Enfin, les deux battants d'airain pivotèrent sur leurs gongs et les jumeaux s'avancèrent dans le vaste bureau, surplombé d'une voute de verre d'où pendait un lustre de cristal.

Leurs pieds s'enfoncèrent dans l'épais tapis jusqu'à ce qu'ils s'arrêtent à deux mètres du roi. Elaglar Fëalocen, le Roi en Blanc, siégeait avec toute sa prestance. Il était souverain de la Fëalocy depuis désormais de longues décennies et avec son avènement, son royaume s'était élevé au-dessus de toutes les autres monarchies elfiques de Calca. Un brillant stratège qui n'hésitait pas à supprimer ses opposants. Son visage sévère, encadré par de longs cheveux lisses immaculés lui donnait parfois l'air d'un fantôme et ses vêtements couleur neige accentuaient cette idée. Pour le moins que l'on puisse dire, Elaglar inspirait la peur à tous.

Mais en cet instant, c'était surtout ses propos que craignaient les deux princes.

Derrière le fauteuil royal, leur mentor, maître Ingalme, les transperçait de son regard de rapace.

— Malgal, Morgal, commença le roi de son air imperturbable, j'ai quelque chose à vous annoncer.

Les deux adolescents se regardèrent avec inquiétude.

— Père, hasarda Malgal, si vous voulez nous marier, je vous assure que...

— Ce n'est pas de cela dont je vous parle, trancha Elaglar, vous êtes bien trop immatures pour que je vous affranchisse de la sorte.

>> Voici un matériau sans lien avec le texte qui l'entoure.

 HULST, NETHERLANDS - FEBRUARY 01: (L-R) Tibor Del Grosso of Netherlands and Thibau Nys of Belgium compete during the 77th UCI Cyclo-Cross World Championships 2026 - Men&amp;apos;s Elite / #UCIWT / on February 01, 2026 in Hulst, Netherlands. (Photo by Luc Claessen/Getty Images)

Les deux frères soufflèrent de soulagement. Le mariage était sans doute le seul gros point noir de leur avenir. Car cela rimait à une séparation douloureuse. À moins qu'ils ne vivent à quatre dans les mêmes appartements. Ou qu'ils partagent la même femme comme le proposaient leurs ainés en se moquant d'eux.

— Non, continua leur père, maître Ingalme et moi nous sommes mis d'accord sur un fait : votre formation a besoin d'un sérieux coup de fouet. Votre incapacité accablante vous empêche de devenir des personnalités importantes au sein du royaume. Si vos connaissances sont acceptables, il n'y va pas de même pour le maniement des armes où votre talent est de l'ordre du néant !

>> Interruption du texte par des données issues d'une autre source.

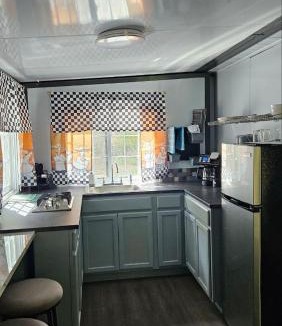 True House | Cozy Foldable Container Pipestem Getaway For 2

Morgal et son frère baissèrent la tête, forcés de reconnaitre ce discours.

— Pourquoi ne pas arrêter cet enseignement ? releva-t-il en craignant la réponse de son père.

— Parce que nous sommes des elfes guerriers, Morgal, pas des elfes sylvestres !

— Notre mère en est une...

— Elle ne l'est plus ! Et de toute façon, nous sommes en période de guerre. Il est essentiel pour vous-deux de connaitre une formation militaire digne de ce nom. C'est pourquoi je vous envoie sur le champ à Ur-Nabal.

— Quoi ?! s'étrangla Morgal.

— Père, je vous en supplie...

— Ma décision est prise et l'on vous y attend déjà. Le temps de parvenir en Aldor et vous commencerez à devenir de vrais hommes.

— Mais...

— Suffit ! Disparaissez.

Les frères sortirent du bureau, atterrés par cette nouvelle fracassante. Leur père les avait tout bonnement chassés du palais. Encore une fois, sa volonté inébranlable s'était abattue sur eux. Humiliés, ils regagnèrent leur chambre. Les gnomes s'activaient déjà pour les préparatifs, exaspérant les deux princes.

Il y avait de quoi être accablé pour ces fils fainéants : Ur-Nabal était l'école militaire la plus prestigieuse et élitiste de Calca. Les différents princes et aristocrates des royaumes elfiques s'y rendaient pour ensuite intégrer les meilleures places dans l'armée. Ce qui n'était absolument pas le but de Morgal et de son jumeau. N'importe quelle arme les répugnait et ils étaient aussi dégourdis au combat que des molusques.

Pourtant, cela devait changer car ce jour-là, leur enfance prenait fin.